### Work instruction
Transcribe every line below exactly; no image goes into the output.

### Entries supplied
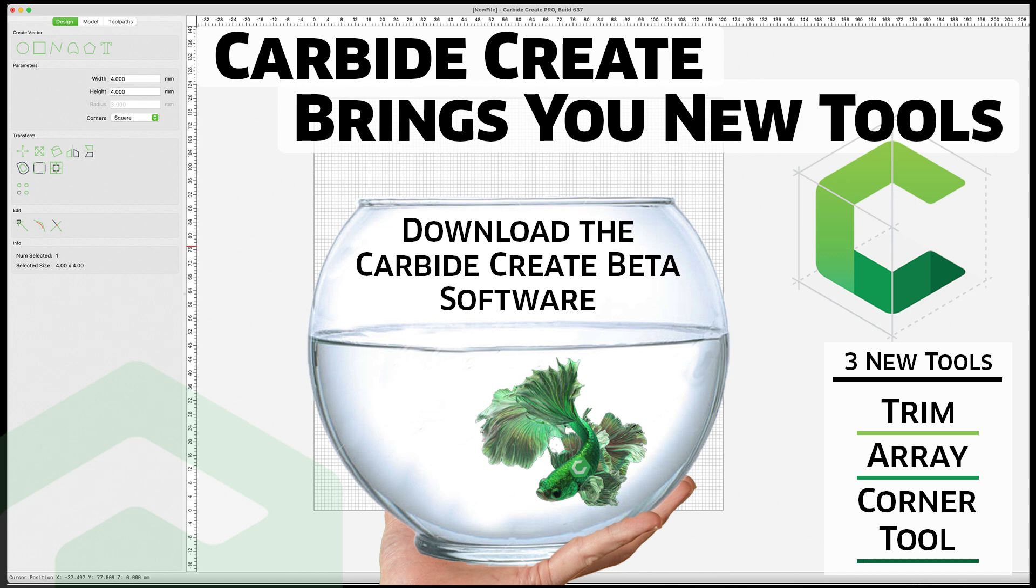Hey everybody, Kevin Barnett. Welcome back to the Carbide Studio. A little while ago we had updates to Carbide Create for you. Three new design tools that we introduced into the free version of Carbide Create. Those were well received.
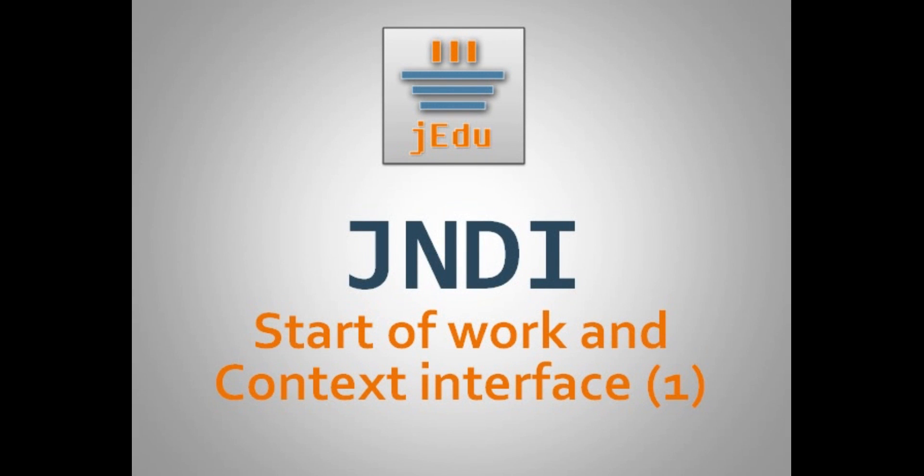Hello this is Matt and the JEDU channel. After introduction to JNDI let's go to its actual API in Java. In this video I'll present you how to start your work with JNDI and its core interface that is context.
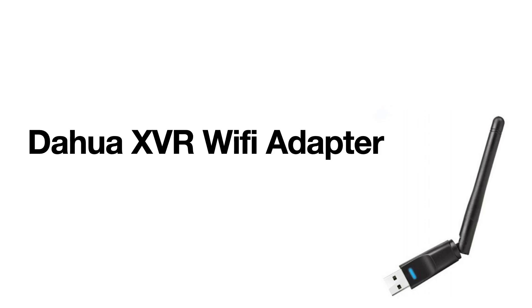Hello everyone and I hope you're doing well. Today we're going to be going over how to install a Wi-Fi adapter on a Dahua XVR recorder.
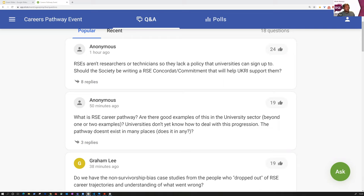Moving on to the next question: RSEs aren't researchers or technicians, so they lack a policy that universities can sign up to. Should the society be writing an RSE concordat or commitment that will help UKRI support them? Alice, you're probably a great person to ask as former president of the society. What do you think?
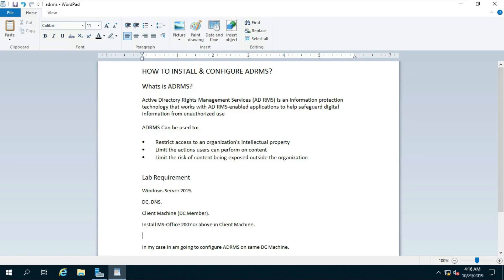How to Install and Configure ADRMS. Active Directory Rights Management Services, ADRMS, is an information protection technology that works with ADRMS-enabled applications to help safeguard digital information from unauthorized use. ADRMS can be used to restrict access to an organization's intellectual property, limit the actions users can perform on content, and limit the risk of content being exposed outside the organization.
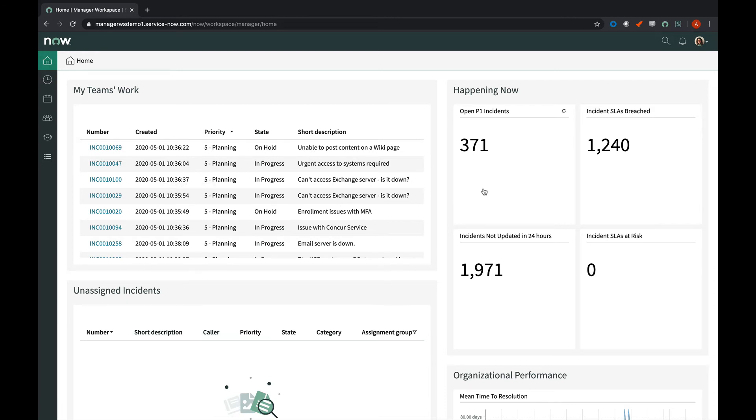Happening now over here shows any open P1 incidents, incidents that have breached SLA, incidents that haven't been updated in 24 hours, and incidents that are at risk of breaching SLA.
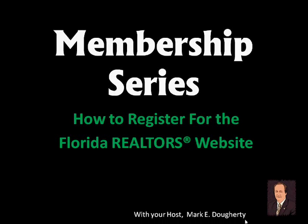Welcome to our membership series. I'm your host, Mark Doherty. Today we are going to learn how to register for the Florida Realtors website. Let's get started.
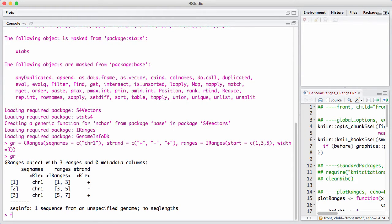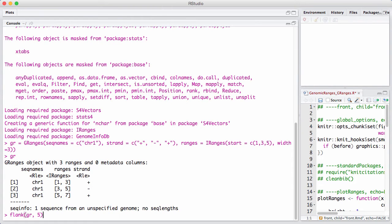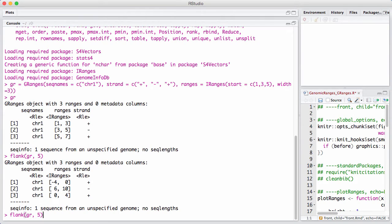We can do things such as get the flanking sequence on the GRange. And you can see here that the flanking sequence is relative to the direction of transcription. So something happens on the positive strand where we go to the left, whereas on the negative strand we go to the right.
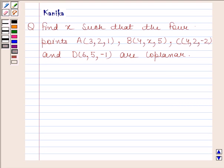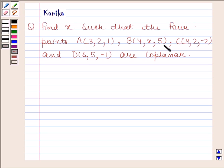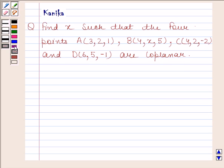Hi and welcome to the session. Let us discuss the following question. Find x such that the four points A having coordinates (3, 2, 1), B having coordinates (4, x, 5), C having coordinates (4, 2, -2), and D having coordinates (6, 5, -1) are co-planar.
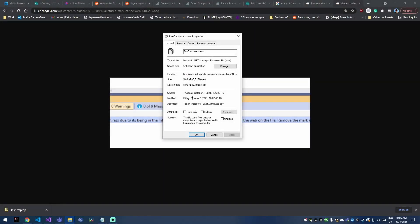Hey everyone, I wanted to make a quick video on how to remove the mark of the web. So this is a new file attribute that Microsoft came up with. It's supposed to protect you from files that you download on the internet.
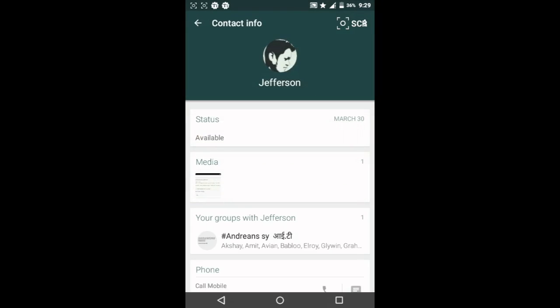You can see the new UI is pretty different. You get a big bar with a circle for the profile, and then you can see Status, Media, and Groups—all those details in blocks rather than just plain text compared to the old WhatsApp.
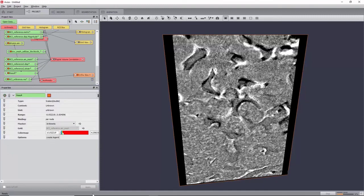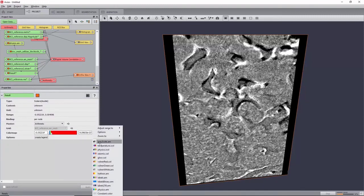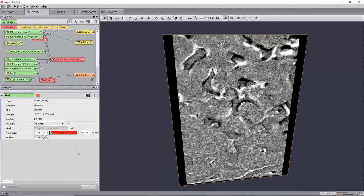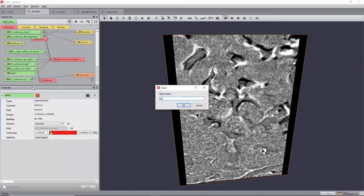This will create a new Scalar field. Set its color map to Physics, rename it to E33, and create a grid view on it.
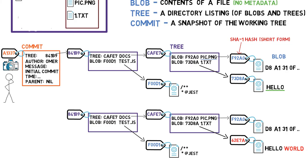Since we have a new hash, then the tree's listing should also change. After all, our tree no longer points to blob 73d8a, but rather blob 62e7a instead. As we change the tree's contents, we also change its hash.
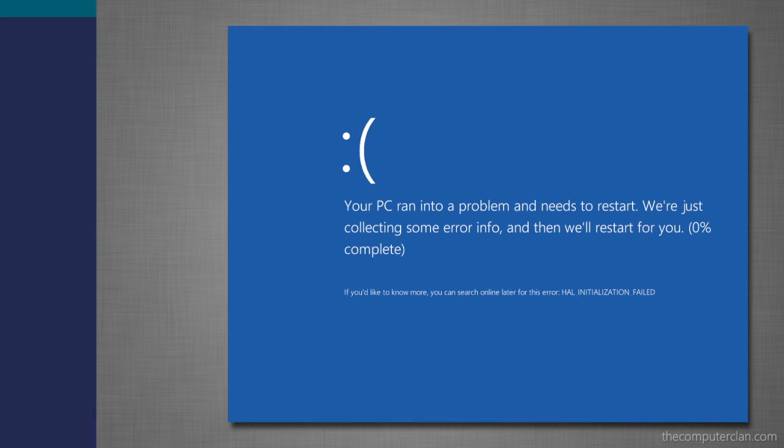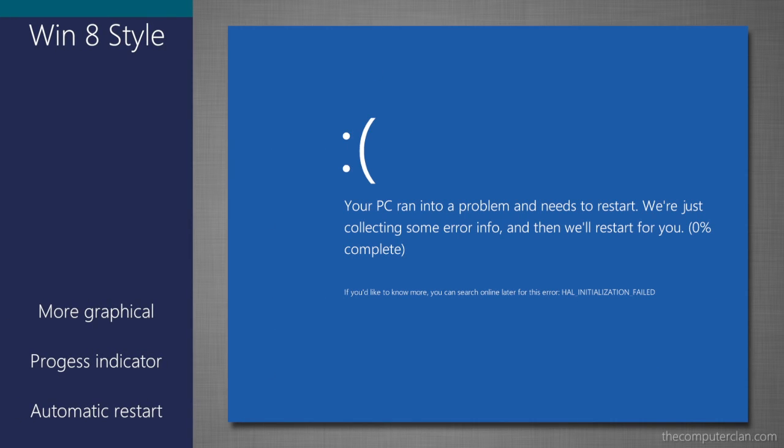The Windows 8 Blue Screen of Death featured a new light blue color, it was more graphical with a frowny face, and it also provided a progress indicator. The system would collect information it needed for the error and would automatically restart the computer afterwards.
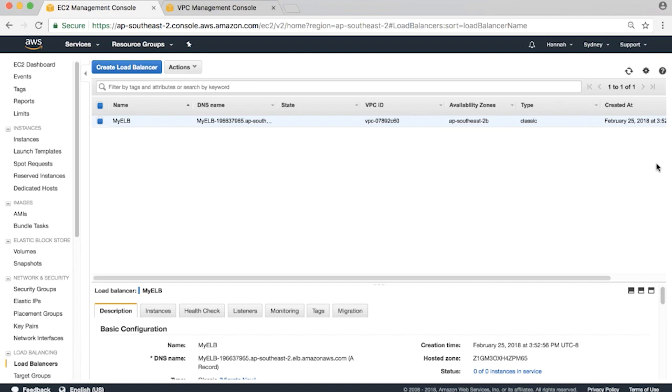At this point we have an ELB with no web servers behind it. To test this Classic Load Balancer, let's go ahead and create a couple of basic ones. Back to the EC2 console.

### Solution to the problem
Hey everybody, Kevin Barnett. Welcome back to the Carbide Studio. A little while ago we had updates to Carbide Create for you. Three new design tools that we introduced into the free version of Carbide Create. Those were well received.
Hello this is Matt and the JEDU channel. After introduction to JNDI let's go to its actual API in Java. In this video I'll present you how to start your work with JNDI and its core interface that is context.
Hello everyone and I hope you're doing well. Today we're going to be going over how to install a Wi-Fi adapter on a Dahua XVR recorder.
Moving on to the next question: RSEs aren't researchers or technicians, so they lack a policy that universities can sign up to. Should the society be writing an RSE concordat or commitment that will help UKRI support them? Alice, you're probably a great person to ask as former president of the society. What do you think?
How to Install and Configure ADRMS. Active Directory Rights Management Services, ADRMS, is an information protection technology that works with ADRMS-enabled applications to help safeguard digital information from unauthorized use. ADRMS can be used to restrict access to an organization's intellectual property, limit the actions users can perform on content, and limit the risk of content being exposed outside the organization.
Happening now over here shows any open P1 incidents, incidents that have breached SLA, incidents that haven't been updated in 24 hours, and incidents that are at risk of breaching SLA.
Welcome to our membership series. I'm your host, Mark Doherty. Today we are going to learn how to register for the Florida Realtors website. Let's get started.
We can do things such as get the flanking sequence on the GRange. And you can see here that the flanking sequence is relative to the direction of transcription. So something happens on the positive strand where we go to the left, whereas on the negative strand we go to the right.
Hi and welcome to the session. Let us discuss the following question. Find x such that the four points A having coordinates (3, 2, 1), B having coordinates (4, x, 5), C having coordinates (4, 2, -2), and D having coordinates (6, 5, -1) are co-planar.
Hey everyone, I wanted to make a quick video on how to remove the mark of the web. So this is a new file attribute that Microsoft came up with. It's supposed to protect you from files that you download on the internet.
You can see the new UI is pretty different. You get a big bar with a circle for the profile, and then you can see Status, Media, and Groups—all those details in blocks rather than just plain text compared to the old WhatsApp.
This will create a new Scalar field. Set its color map to Physics, rename it to E33, and create a grid view on it.
Since we have a new hash, then the tree's listing should also change. After all, our tree no longer points to blob 73d8a, but rather blob 62e7a instead. As we change the tree's contents, we also change its hash.
The Windows 8 Blue Screen of Death featured a new light blue color, it was more graphical with a frowny face, and it also provided a progress indicator. The system would collect information it needed for the error and would automatically restart the computer afterwards.
At this point we have an ELB with no web servers behind it. To test this Classic Load Balancer, let's go ahead and create a couple of basic ones. Back to the EC2 console.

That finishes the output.